Oleh karena itu, dia mempertanyakan keberadaan pakaian terakhir Brigadir J.
Dia menduga kuat bahwa pakaian itu kini berada di penguasaan pihak kepolisian.
"Saya kira bajunya sudah dikuasai oleh penyidik. Ini kan harus dapat kalau ada kehilangan baju siapa yang menghilangkan. Kemungkinan cuman 2, ada dirumah dinas itu atau RS Polri. Kalau RS Polri menghilangkan baju itu, apa kepentingan dokter itu.

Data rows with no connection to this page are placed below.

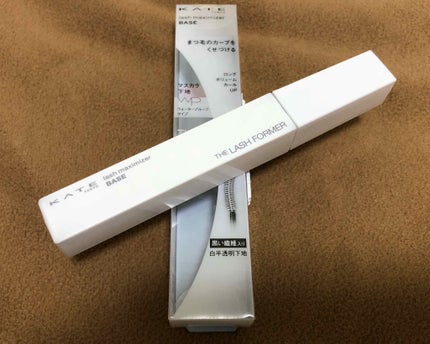 ラッシュマキシマイザーN/KATE/マスカラ下地を使ったクチコミ(1枚目)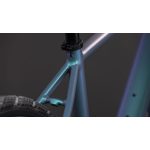 Cube Editor Hybrid SLT 400X smaragdgrey'n'prism 2026 elektromos kerékpár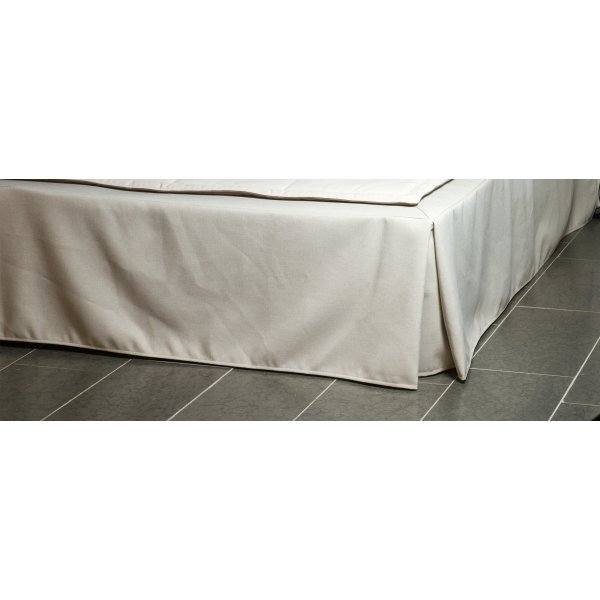 Sprei 60 cm hoog - Kies je kleur en maat Sprei 60 cm hoog - Kies je kleur en maat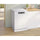 BOSCH SMS6ZCW37Q Series 6 free-standing dishwasher 60 cm, White - غسالة صحون بوش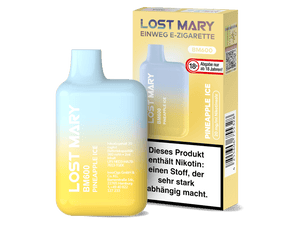 Lost Mary BM600 - 2% Nikotin / 10 Stück - McVapes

Apakah Brigadir J dibawa ke RS dalam kondisi telanjang tidak mungkin. Atau mungkin bajunya dibuka di rumah dinas. Karena itu baju dan HP adalah barang bukti yang sangat perlu," pungkasnya.

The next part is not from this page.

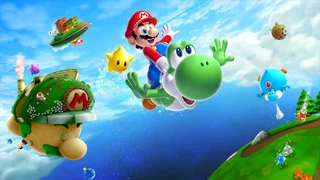 E o processinho? Devs anunciam port nativo de Super Mario Galaxy para PC
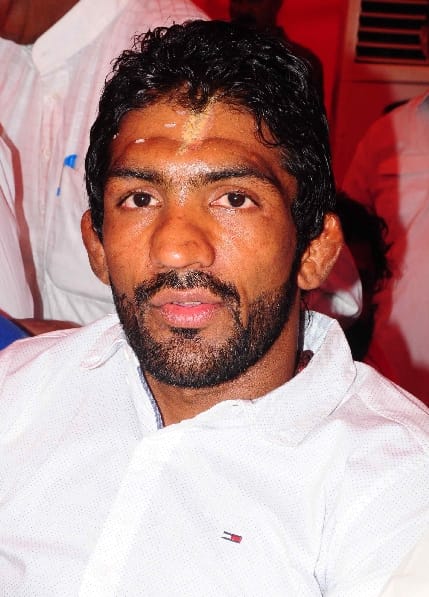 olympian wrestler yogeshwar dutt announced retirement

Penyidik, disebut Kamaruddin , tidak transparan dalam menangani kasus tersebut.
"Mereka tertutup, hal yang sederhana saja kita tanya bajunya sudah di mana sekarang, tidak ada yang berani jawab," ujar Kamaruddin.

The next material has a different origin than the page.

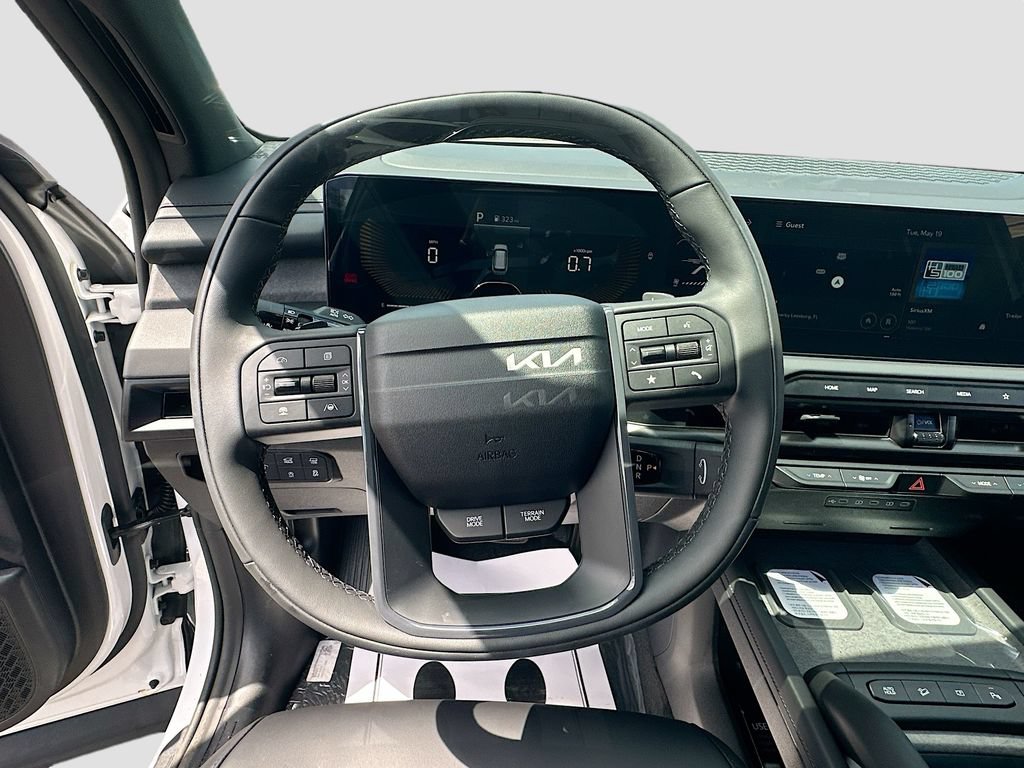New 2027 Kia Telluride EX X-Line w/ Towing Package AWD/4WD image 11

Tak hanya baju, kata Kamaruddin, pihaknya juga mempertanyakan keberadaan ponsel milik Brigadir J yang tak kunjung ditemukan.
Padahal, kuasa hukum terus melakukan koordinasi dengan penyidik Polri.
"Kita juga bertanya bertanya tentang apakah handphone daripada almarhum Brigadir Polisi Nofriansyah Yosua Hutabarat sudah ketemu atau belum, mereka semua tidak ada yang berani menjawab," jelasnya.
Padahal, ia menuturkan bahwa Irjen Ferdy Sambo yang diduga terlibat telah dinonaktifkan sementara oleh Kapolri Jenderal Listyo Sigit Prabowo dari jabatannya sebagai Kadiv Propam dan Kasatgasus.
Terlebih, Presiden Joko Widodo pun sudah meninta Polri untuk tak menutup-nutupi pengungkapan kasus tersebut.
"Kenapa kalian masih takut, jawab saja. Konstitusi menyatakan buka, Undang-Undang menyatakan buka, kenapa masih takut," ungkap Kamarudin.